Politically the film is obviously strongly pro-Snowden, but never uncomfortably so, at least until we reach the mildly hammy ending. Despite some amusingly ominous "We were wrong about Obama" moments, for the most part Stone tries to calmly tell Snowden's story from fact to fact in a very straightforward way, which in today's political climate is a subversive act in and of itself.
Whether you believe Snowden's acts were right or wrong Stone's film does an impressive job in simplifying and explaining what exactly the American government was doing over these years and how far it was able to reach into the personal data and lives of its citizens. It's here where the film shines and really stakes a claim to being important. At one point the film virtually stops and slips into a documentary-style montage explaining how PRISM, the NSA's controversial data-gathering program, functions and at another point a character turns directly to the camera to explain the complex FISA court process.
In these stretches the sophistication of Stone's cinematic propaganda is impressively sharp. We witness the government scraping an immense volume of personal, private information and the film makes it very clear that this is often being utilized for reasons that are not directly security related. Snowden's catch cry, "This was not about terrorism, it was about social and economic control," is discomfortingly illustrated. It's a clever ploy by Stone, and while the film is certainly not free of an agenda, it does present an astute argument.
Joseph Gordon-Levitt is unexpectedly superb in his portrayal of Snowden, not only completely disappearing into the character with a nuanced take on a man fighting an internal battle between patriotism and politics, but also magnificently capturing the interesting cadence of the man's speech. There were moments when the film reenacted scenes from Laura Poitras' documentary and I genuinely wasn't sure whether they had surreptitiously slipped the real Snowden in or not.
Aesthetically the film is also relatively restrained for Oliver Stone. He occasionally plays around with video formats but for the most part this is a clean, crisp, and satisfyingly digital film.
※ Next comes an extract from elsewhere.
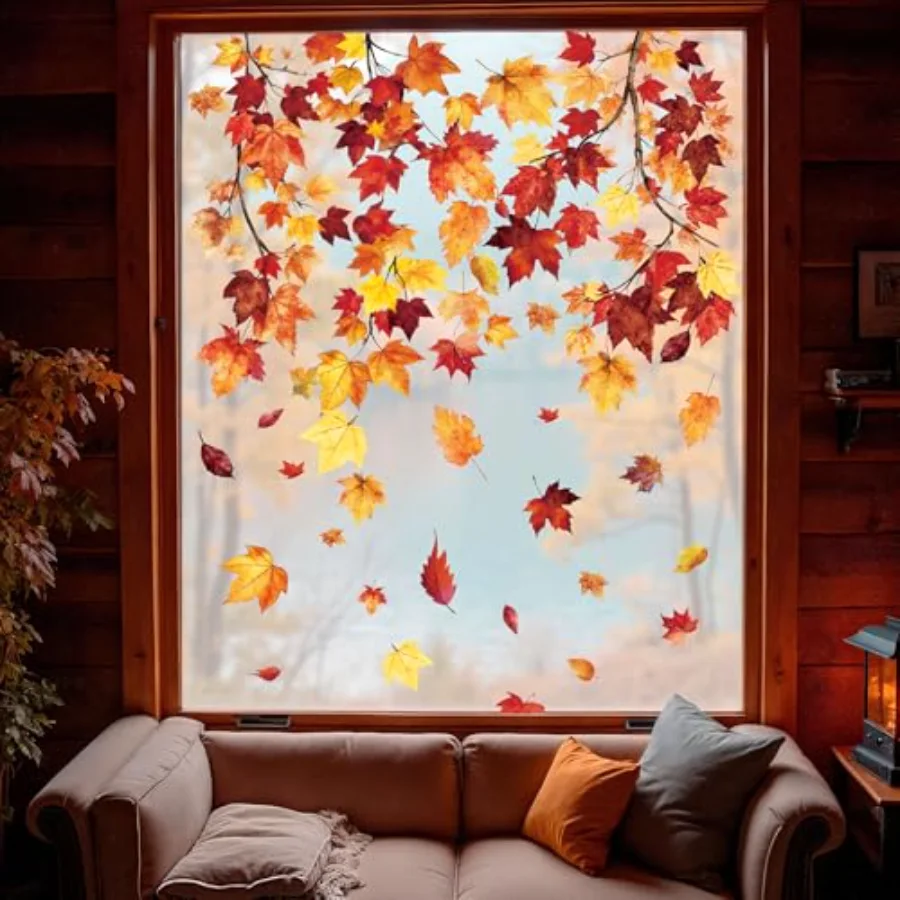 6 Sheet Fall Window Clings Hanging Maple Leaf Window Decals Colorful, view 4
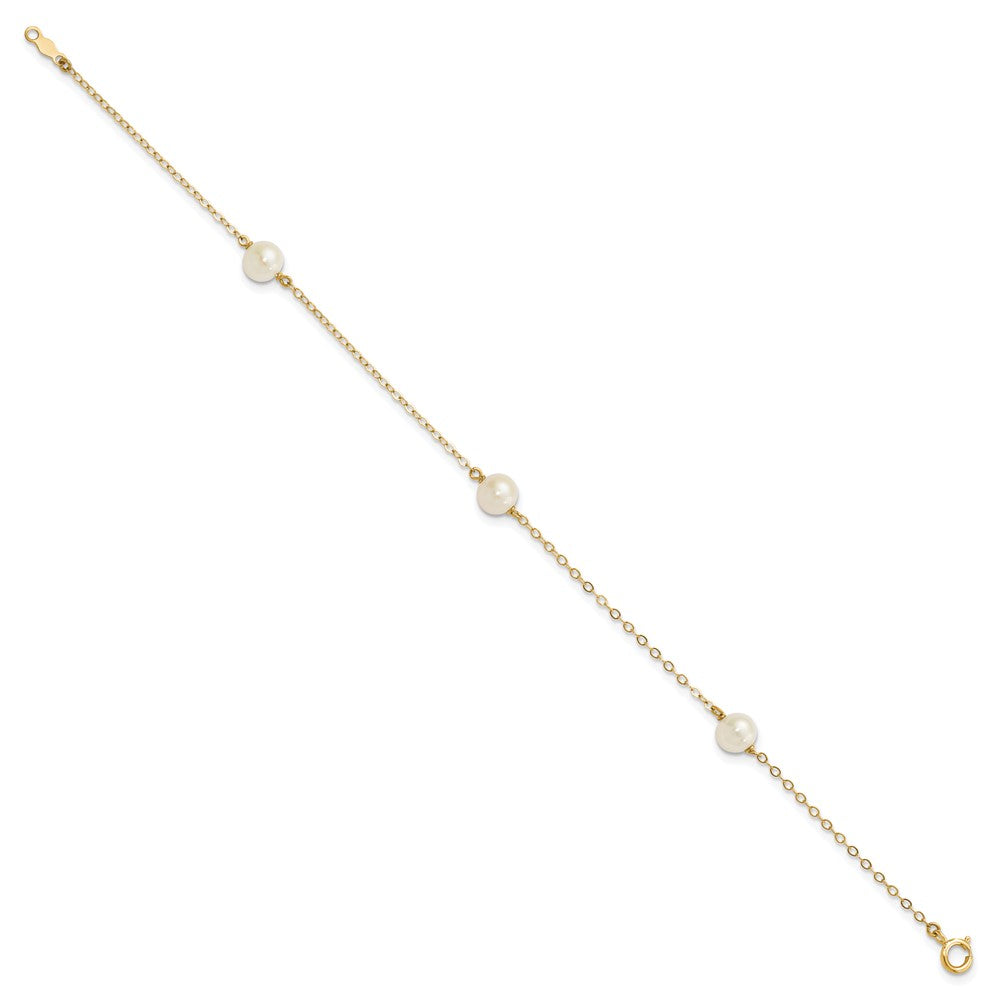 14k 5- White Near-Round Freshwater Cultured Pearl 3-Station Bracelet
Stone does gives us one lovely aesthetic flourish in a fade from a circuit board to an office building that, despite being a thuddingly obvious visual metaphor, plays impressively in context of the moment.
In a world where the Snowden conversation is still explosively divisive this film comes across as surreptitiously subversive. It's not a great film by any means, suffering from a maddening lack of narrative momentum and an irritating sense of repetition but released in the lead up to America's most contentious election in decades it feels like a mine dropped into the national subconscious. You may not agree with Stone's politics, or even with the agenda of the film, but it's certainly good to have this cinematic trouble maker back in action stirring the pot.